While juxtaposing the beauty of the region with dreadful stories of death and survival, Nix and Fine document several of these children living in a displacement camp who become part of a troupe that competes in their country's national music and dance festival.

There's nothing quite like this film; it arouses one's repulsion at the atrocities cited and awakens a well of compassion at the same time. Full of hope and pain, Nix and Fine's doc much deserves the Oscar nomination they have gotten for this year's Best Documentary. With all the trials and tribulations endured in making and completing this film, they had a lot to talk about as well.

Q: So had you been to Uganda before filming this?

AN: No, we've both been to different parts of Africa but never to Uganda.

Q: How long did it take you to shoot this film?

AN: 12 weeks. In two different shoots, but 12 weeks total.

Q: How long did it take to get the film altogether?

SF: It took about a year and a half.

Q: Was there any apprehension in shooting over there? It must have been quite a process to getting in there to do it.
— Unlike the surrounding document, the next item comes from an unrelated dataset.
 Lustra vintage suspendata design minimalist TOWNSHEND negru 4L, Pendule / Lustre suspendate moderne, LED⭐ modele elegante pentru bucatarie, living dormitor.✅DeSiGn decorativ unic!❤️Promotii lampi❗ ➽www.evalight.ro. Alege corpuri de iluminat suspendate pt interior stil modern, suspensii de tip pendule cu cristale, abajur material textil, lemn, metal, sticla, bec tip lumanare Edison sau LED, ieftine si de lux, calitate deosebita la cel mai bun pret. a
SF: When we were first approached about shooting a documentary about the situation in Northern Uganda, we had to really talk about it and talk about the precautions we were going to take in order to insure it would be a safe shoot. Both Andrea and I have worked for National Geographic in the past, that's where we've met, so we've filmed in a lot of dangerous locations with dangerous animals and places and I've been to a bunch of war zones before. But this war zone in particular was really dangerous because of its unpredictable nature.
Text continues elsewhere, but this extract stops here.